How can we configure the environment to be as similar as possible to a Cognite Function? Is there a publicly available image we can base our container on that would ensure a more similar environment? Or is our current method “good enough”?

 

All help appreciated!

Anders


3 replies

Hello Anders!

Thanks for reaching out! 

Currently, we do not provide explicit details about the underlying containers, and there is no publicly available base-image (that is a good idea, maybe something we can look into). Are you asking specifically for the python-environment or for the whole container environment? 

You are correct in that we are basing them off of the python-slim images, so that is definitely a good place to start.
We do however need to install some packages related to our own infrastructure and these might vary over time, which is why we are a bit hesitant to publish a specific set of dependencies. 

 

It is possible to introspect the environment from a running Cognite Function if you are interested in the exact python packages / package versions installed, for instance using the `pip`-package. 

When it comes to what is good enough, I can’t really say from my end.

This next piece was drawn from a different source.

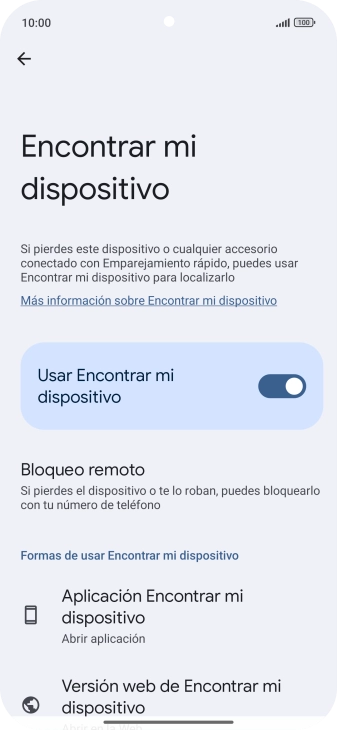 Desliza el dedo hacia arriba desde la parte inferior de la pantalla para terminar y volver a la pantalla de inicio.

Are you experiencing a lot of issues related to mismatching environments? 

 

Kind regards,

Ivar 

Userlevel 2

Hi,

In addition to what @Ivar Stangeby is saying, you may want to check out https://developer.cognite.com/sdks/toolkit/references/configs#running-functions-locally

It allows you to run functions in a local environment with environment variables and the right packages installed.

Greger

Thank you for the fast feedback!

We were interested in reproducing not only the python environment but also the more general system environment. The reason we were looking into this is that sometimes we get weird behavior and errors that never occur in our local virtual environment and only in the deployed functions. We are having a hard time reproducing the error consistently, and wanted to eliminate as many variables as possible in our debugging.

@greger Thanks for the tip! I was not aware of this. We will check this out and see if we can incorporate this into our workflow. It looks like it would speed up our testing/debugging significantly!